[Records to use — start]
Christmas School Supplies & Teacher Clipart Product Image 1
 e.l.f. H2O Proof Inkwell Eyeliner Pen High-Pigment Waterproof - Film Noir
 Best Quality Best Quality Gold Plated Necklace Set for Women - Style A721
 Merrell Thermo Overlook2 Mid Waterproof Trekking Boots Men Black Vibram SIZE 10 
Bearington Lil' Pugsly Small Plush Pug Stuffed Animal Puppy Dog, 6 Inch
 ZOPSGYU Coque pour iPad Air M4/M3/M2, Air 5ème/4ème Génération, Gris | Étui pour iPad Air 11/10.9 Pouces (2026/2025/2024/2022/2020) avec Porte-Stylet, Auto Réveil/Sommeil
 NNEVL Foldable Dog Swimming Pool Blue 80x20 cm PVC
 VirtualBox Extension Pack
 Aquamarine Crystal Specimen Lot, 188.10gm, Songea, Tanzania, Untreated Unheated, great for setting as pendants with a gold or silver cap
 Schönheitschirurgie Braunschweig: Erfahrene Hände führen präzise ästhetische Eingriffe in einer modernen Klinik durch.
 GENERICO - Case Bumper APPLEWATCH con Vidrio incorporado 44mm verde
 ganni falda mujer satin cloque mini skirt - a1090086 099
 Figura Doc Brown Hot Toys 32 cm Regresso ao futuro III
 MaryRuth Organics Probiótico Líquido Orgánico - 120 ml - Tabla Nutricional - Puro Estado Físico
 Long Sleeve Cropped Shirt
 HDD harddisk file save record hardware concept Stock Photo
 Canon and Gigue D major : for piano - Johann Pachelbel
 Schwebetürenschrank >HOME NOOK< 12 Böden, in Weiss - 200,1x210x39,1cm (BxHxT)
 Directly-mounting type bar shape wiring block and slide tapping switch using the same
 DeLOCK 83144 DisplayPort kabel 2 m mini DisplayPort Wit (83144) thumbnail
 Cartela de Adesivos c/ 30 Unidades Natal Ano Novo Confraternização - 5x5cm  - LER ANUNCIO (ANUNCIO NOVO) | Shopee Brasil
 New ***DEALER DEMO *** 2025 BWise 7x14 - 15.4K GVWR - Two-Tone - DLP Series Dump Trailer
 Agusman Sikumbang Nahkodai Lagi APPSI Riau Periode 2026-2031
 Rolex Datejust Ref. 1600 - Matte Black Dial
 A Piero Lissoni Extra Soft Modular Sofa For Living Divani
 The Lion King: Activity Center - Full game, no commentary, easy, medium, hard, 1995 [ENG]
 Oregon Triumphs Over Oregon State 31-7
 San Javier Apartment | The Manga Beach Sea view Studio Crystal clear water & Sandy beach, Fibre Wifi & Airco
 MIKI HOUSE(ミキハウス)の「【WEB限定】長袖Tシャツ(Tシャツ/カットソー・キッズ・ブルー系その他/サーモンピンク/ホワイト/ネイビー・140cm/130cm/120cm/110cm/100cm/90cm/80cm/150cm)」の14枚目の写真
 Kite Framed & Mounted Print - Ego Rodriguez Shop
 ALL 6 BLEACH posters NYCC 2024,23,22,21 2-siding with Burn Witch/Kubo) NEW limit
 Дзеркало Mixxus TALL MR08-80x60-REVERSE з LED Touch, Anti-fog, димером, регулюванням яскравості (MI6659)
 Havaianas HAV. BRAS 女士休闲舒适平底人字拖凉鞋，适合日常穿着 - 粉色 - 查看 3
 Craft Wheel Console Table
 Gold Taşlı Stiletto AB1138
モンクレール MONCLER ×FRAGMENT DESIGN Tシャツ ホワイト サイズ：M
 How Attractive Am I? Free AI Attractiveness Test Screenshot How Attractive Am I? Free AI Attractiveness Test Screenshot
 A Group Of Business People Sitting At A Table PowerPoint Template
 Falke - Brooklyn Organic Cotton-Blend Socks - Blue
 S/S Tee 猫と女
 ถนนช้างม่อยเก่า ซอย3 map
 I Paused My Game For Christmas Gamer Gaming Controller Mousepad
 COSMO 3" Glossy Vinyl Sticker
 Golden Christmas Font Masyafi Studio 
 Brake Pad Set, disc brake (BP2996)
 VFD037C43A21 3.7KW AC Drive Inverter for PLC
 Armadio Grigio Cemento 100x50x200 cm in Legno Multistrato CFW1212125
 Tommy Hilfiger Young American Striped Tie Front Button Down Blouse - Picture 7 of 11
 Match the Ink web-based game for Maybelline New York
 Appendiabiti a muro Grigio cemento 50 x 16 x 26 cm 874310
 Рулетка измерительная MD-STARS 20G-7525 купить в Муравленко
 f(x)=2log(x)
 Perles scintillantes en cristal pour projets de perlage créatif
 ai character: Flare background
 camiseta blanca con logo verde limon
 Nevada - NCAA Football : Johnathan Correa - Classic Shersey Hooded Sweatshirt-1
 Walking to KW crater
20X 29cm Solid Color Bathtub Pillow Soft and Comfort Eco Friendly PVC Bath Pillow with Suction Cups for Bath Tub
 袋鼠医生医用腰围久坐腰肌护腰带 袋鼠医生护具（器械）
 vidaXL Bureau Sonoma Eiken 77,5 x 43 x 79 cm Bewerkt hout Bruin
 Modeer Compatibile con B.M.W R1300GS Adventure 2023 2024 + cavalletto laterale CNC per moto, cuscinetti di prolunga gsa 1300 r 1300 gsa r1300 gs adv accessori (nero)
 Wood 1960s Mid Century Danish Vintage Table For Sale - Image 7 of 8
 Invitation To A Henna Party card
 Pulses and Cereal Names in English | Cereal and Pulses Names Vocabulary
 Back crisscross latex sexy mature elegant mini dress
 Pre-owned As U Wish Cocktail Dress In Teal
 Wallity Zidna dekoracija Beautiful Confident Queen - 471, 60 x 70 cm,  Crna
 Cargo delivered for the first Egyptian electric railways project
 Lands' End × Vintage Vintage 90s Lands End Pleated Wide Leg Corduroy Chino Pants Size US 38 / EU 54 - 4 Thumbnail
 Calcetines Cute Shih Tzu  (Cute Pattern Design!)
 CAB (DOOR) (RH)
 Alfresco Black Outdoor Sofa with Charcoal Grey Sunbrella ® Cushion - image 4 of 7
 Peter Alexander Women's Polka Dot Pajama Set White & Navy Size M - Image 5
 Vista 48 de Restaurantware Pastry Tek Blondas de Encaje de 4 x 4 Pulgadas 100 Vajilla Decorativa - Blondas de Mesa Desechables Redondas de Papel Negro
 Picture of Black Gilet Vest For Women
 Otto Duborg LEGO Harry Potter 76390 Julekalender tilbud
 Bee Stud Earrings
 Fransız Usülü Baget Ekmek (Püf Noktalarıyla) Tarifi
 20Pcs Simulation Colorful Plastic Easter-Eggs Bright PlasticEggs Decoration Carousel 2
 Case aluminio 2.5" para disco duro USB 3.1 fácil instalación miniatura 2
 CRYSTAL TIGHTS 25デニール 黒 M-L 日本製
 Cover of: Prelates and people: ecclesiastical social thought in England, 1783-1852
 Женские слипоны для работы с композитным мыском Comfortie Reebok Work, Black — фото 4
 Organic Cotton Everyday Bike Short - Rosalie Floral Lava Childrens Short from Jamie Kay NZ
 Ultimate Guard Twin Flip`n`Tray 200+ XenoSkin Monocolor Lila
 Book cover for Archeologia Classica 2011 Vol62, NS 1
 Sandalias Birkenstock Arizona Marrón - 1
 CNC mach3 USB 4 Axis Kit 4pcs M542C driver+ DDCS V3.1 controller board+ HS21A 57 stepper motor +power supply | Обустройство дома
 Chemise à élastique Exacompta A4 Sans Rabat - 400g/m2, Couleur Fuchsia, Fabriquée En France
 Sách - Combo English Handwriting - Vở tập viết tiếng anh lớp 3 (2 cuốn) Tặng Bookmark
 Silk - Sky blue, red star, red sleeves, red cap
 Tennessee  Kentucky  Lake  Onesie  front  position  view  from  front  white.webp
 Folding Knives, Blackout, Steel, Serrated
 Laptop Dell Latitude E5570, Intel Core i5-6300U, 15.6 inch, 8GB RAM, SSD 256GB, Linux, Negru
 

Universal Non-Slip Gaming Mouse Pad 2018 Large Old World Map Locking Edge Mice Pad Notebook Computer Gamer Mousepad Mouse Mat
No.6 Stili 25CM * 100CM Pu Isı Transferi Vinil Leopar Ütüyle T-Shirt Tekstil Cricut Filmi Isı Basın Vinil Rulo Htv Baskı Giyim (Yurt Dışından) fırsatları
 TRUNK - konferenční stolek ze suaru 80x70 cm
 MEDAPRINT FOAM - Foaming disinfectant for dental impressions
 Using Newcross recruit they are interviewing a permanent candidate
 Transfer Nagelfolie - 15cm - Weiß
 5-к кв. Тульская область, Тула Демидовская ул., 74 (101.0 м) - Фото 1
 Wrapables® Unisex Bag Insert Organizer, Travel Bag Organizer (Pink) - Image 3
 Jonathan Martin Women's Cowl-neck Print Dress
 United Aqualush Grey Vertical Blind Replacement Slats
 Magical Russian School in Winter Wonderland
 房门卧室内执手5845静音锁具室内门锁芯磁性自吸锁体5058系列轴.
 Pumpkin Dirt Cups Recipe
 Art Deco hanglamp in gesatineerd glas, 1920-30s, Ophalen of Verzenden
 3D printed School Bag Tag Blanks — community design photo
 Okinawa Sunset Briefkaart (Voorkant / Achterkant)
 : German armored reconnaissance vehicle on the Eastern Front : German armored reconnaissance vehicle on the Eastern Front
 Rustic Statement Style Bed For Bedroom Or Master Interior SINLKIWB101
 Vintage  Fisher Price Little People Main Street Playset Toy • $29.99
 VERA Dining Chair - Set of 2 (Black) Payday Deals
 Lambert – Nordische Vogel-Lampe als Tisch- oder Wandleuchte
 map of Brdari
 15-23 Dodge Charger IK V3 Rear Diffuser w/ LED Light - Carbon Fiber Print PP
[Records to use — finish]
Task item: Reproduce word for word the material above, beginning with the line that contains "ALL 6 BLEACH" and ending with the line that contains "モンクレール MONCLER ×FRAGMENT".

Exercise solution:
 ALL 6 BLEACH posters NYCC 2024,23,22,21 2-siding with Burn Witch/Kubo) NEW limit
 Дзеркало Mixxus TALL MR08-80x60-REVERSE з LED Touch, Anti-fog, димером, регулюванням яскравості (MI6659)
 Havaianas HAV. BRAS 女士休闲舒适平底人字拖凉鞋，适合日常穿着 - 粉色 - 查看 3
 Craft Wheel Console Table
 Gold Taşlı Stiletto AB1138
モンクレール MONCLER ×FRAGMENT DESIGN Tシャツ ホワイト サイズ：M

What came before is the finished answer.